Lihat ke Halaman Asli

Adi MC

Lectio contra est

Menemukan Jati Diri Orang Rote dari Petikan Sasando

Diperbarui: 6 Januari 2022   11:05

Kompasiana adalah platform blog. Konten ini menjadi tanggung jawab bloger dan tidak mewakili pandangan redaksi Kompas.

Gambar sasando klasik yg biasa terdapat di rumah-rumah penyair/travel.detik.com

Catatan tentang kepergian

31 Desember 2021, Pagi itu ketika cahaya matahari masih samar-samar keluar dari pangkuan semesta, saya bertolak dengan kapal dari ibu kota propinsi Nusa tenggara timur menuju salah satu kabupaten di selatan Indonesia. Ya, Kabupaten Rote Ndao.  Kabupaten yang menadapat julukan negeri seribu lontar ini menjadi tujuan saya untuk menghabiskan masa liburan.

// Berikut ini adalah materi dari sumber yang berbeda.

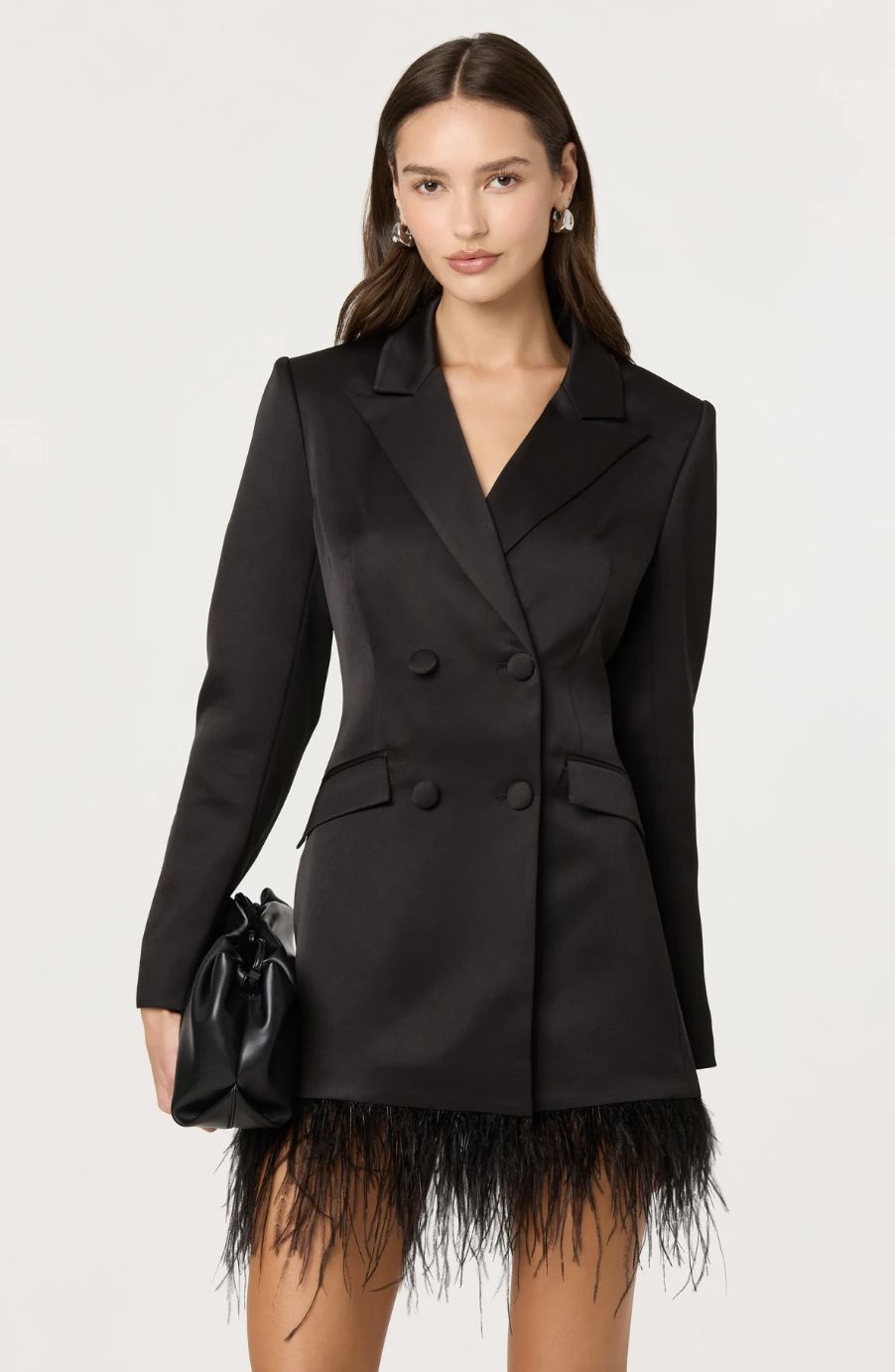 ASTR Breonna Feather Trim Blazer Dress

Kurang lebih empat jam perjalanan laut saya akhirnya tiba di pulau Rote, setelah itu dengan melanjutkan perjalanan darat yang memakan kurang lebih dua jam saya akhirnya tiba di tempat tujuan saya di Dengka Kecamatan Rote Barat Laut. 

Saya memang mejadwalkan diri untuk bertemu dengan tokoh adat di sana guna mencari dan mengetahui hakekat hidup suku Rote. Dengka menjadi pilihan yang tepat menurut saya karena dari segi historis masyarakat dan suku Rote kebanyakan mereka masih tetap setia memegang ajaran nenek moyang secara turun temurun selain itu juga banyak penyair yang masih ada hingga saat ini salah satu adalah ajaran tentang syair adat dalam petikan sasando/sasandu.

Dalam catatan sejarah sasando dibuat dari daun lontar yang utuh berbentuk setengah bola, di dalamnya di pasang  tabung bambu yang direntangi beberapa senar,   (Fox 1996) ada sasando yang berjumlah duapuluh sampai duapuluh depalan senar bahkan ada yang sampai dengan delapan puluh empat senar, tergantung dari jenis sasando yang ingin dibentuk oleh pengrajin, sasando juga sudah banyak mengalami perkembangan dan modifikasi menjadi sasando modern/electric.

Dibawah naungan Pohon lontar, angin berhembus melambat mayang-mayang lontar bergerak kesana kemari searah dengan daunnya saat itu saya bertemu seorang tokoh adat setempat, terlihat ada kebingungan terpancar di wajahnya mungkin karena kedatang saya yang tiba-tiba, tapi entah lah.  Setelah beberapa detik menatap dengan seksama tokoh adat itu mempersilahkan saya untuk duduk di sebuah dedegu (semacam tempat duduk panjang yang dibentuk melingkari pohon) yang terpasang di depan halaman rumahnya.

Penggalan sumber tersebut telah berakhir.